GOAL OF THE EXERCISE |
Each line below needs to be returned exactly. Skip any picture.

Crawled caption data
◆ ◆ ◆ ◆

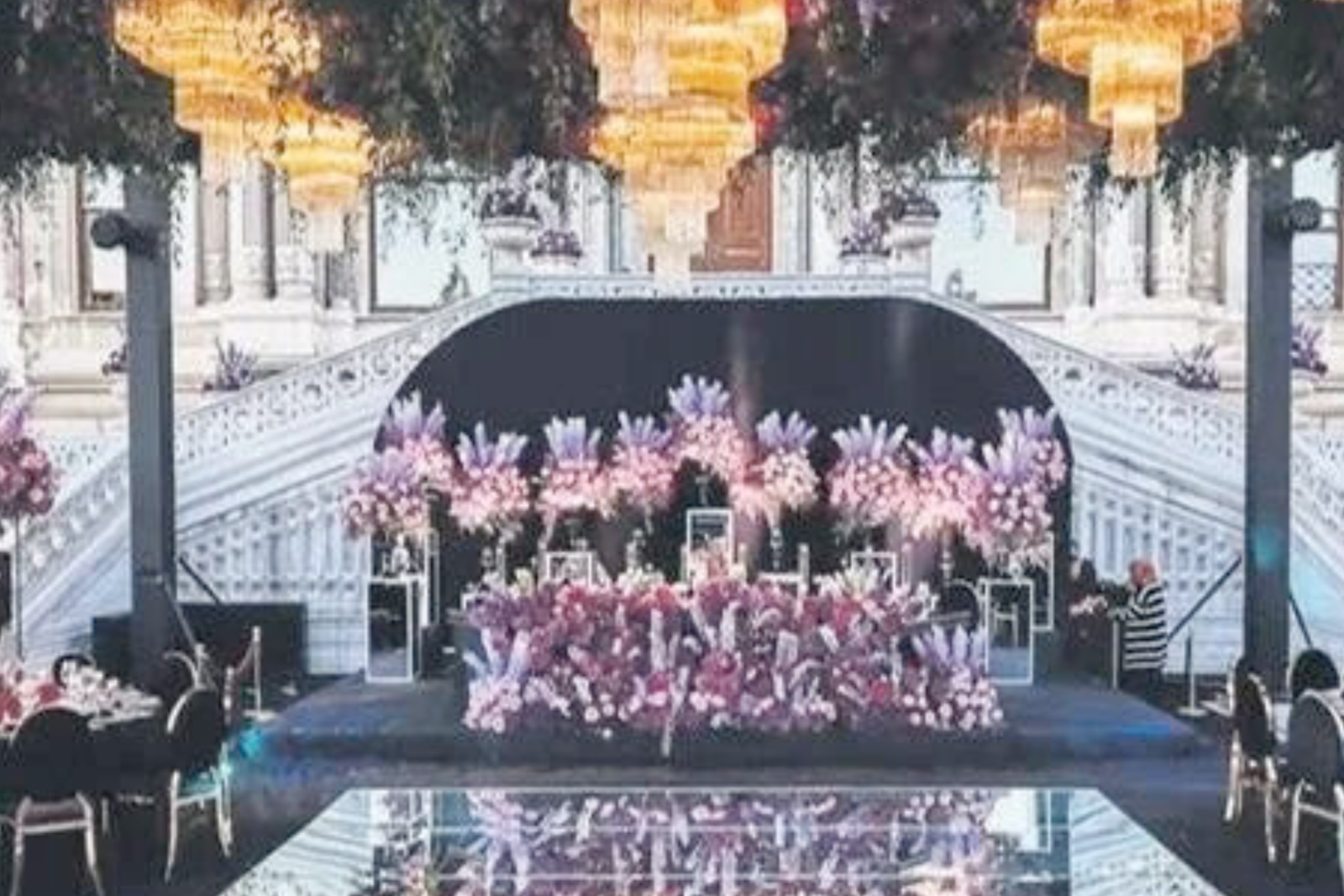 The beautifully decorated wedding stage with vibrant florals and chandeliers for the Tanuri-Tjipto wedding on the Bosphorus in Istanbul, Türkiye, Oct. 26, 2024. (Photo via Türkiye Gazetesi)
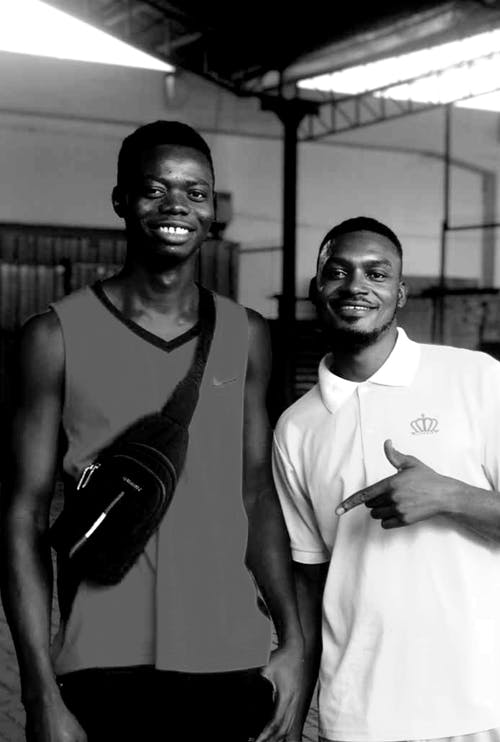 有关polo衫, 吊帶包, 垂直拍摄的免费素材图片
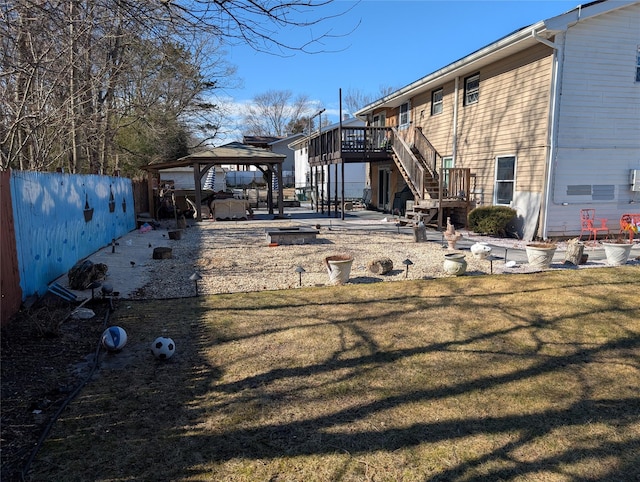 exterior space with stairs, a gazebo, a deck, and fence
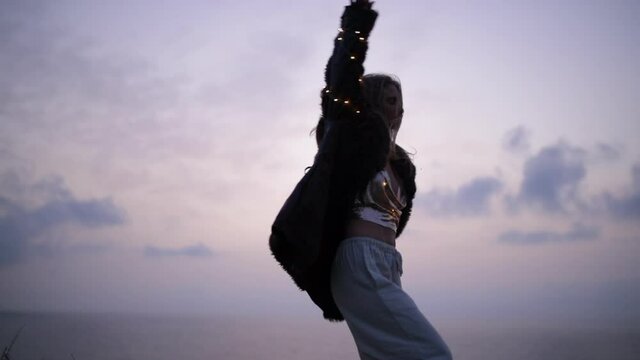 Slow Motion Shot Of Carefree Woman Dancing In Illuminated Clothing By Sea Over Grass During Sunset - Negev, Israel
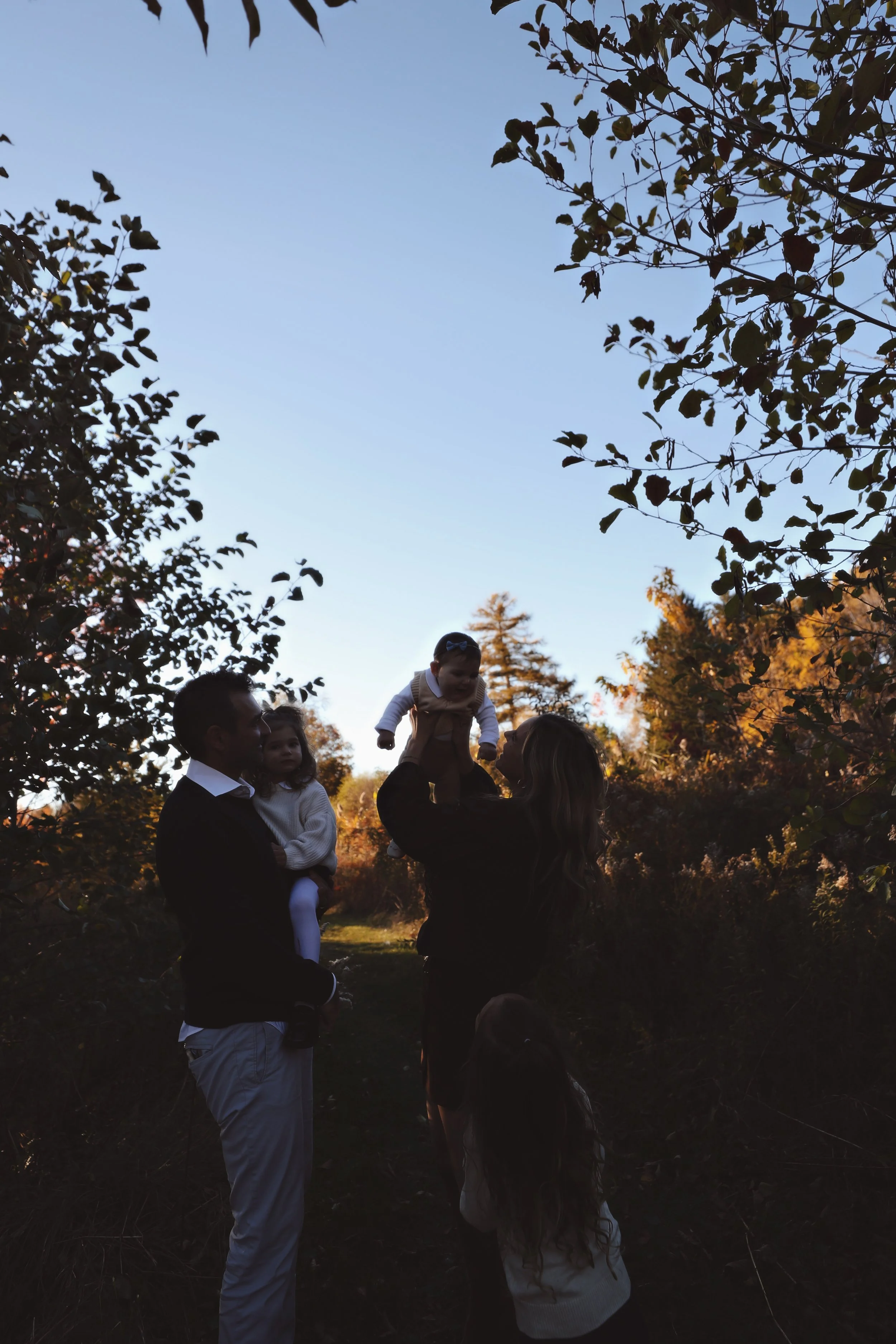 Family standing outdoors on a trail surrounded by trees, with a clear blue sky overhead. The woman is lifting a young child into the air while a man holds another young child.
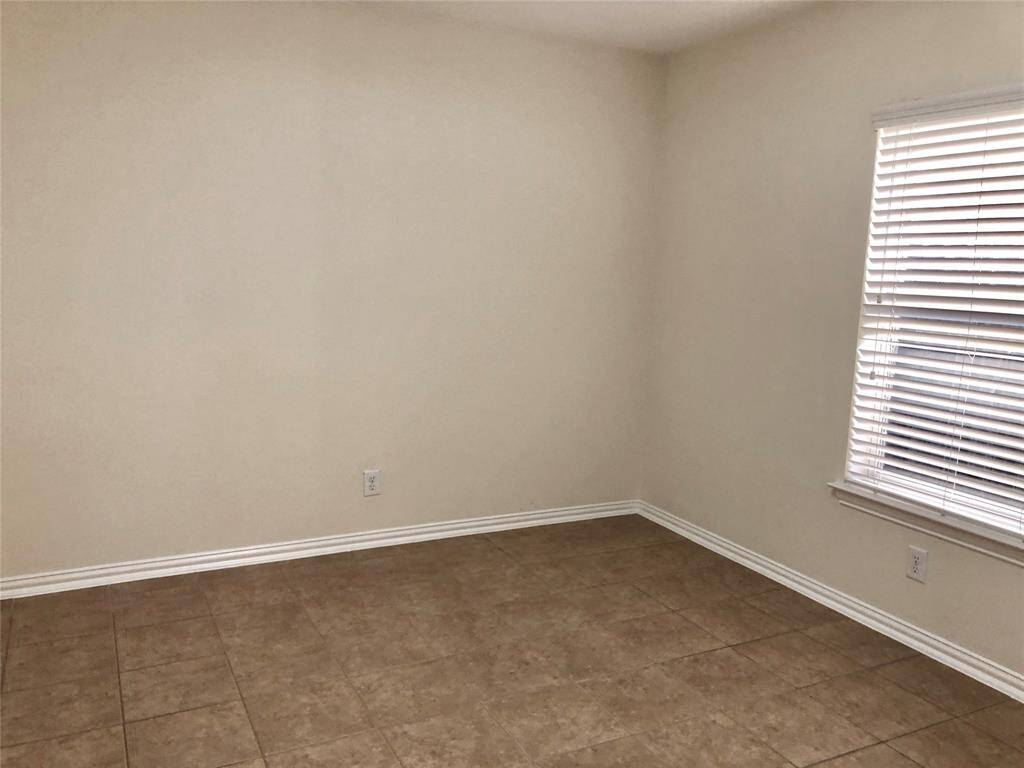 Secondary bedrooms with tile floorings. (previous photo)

◆ ◆ ◆ ◆

WRITTEN SOLUTION |
 The beautifully decorated wedding stage with vibrant florals and chandeliers for the Tanuri-Tjipto wedding on the Bosphorus in Istanbul, Türkiye, Oct. 26, 2024. (Photo via Türkiye Gazetesi)
 有关polo衫, 吊帶包, 垂直拍摄的免费素材图片
 exterior space with stairs, a gazebo, a deck, and fence
 Slow Motion Shot Of Carefree Woman Dancing In Illuminated Clothing By Sea Over Grass During Sunset - Negev, Israel
 Family standing outdoors on a trail surrounded by trees, with a clear blue sky overhead. The woman is lifting a young child into the air while a man holds another young child.
 Secondary bedrooms with tile floorings. (previous photo)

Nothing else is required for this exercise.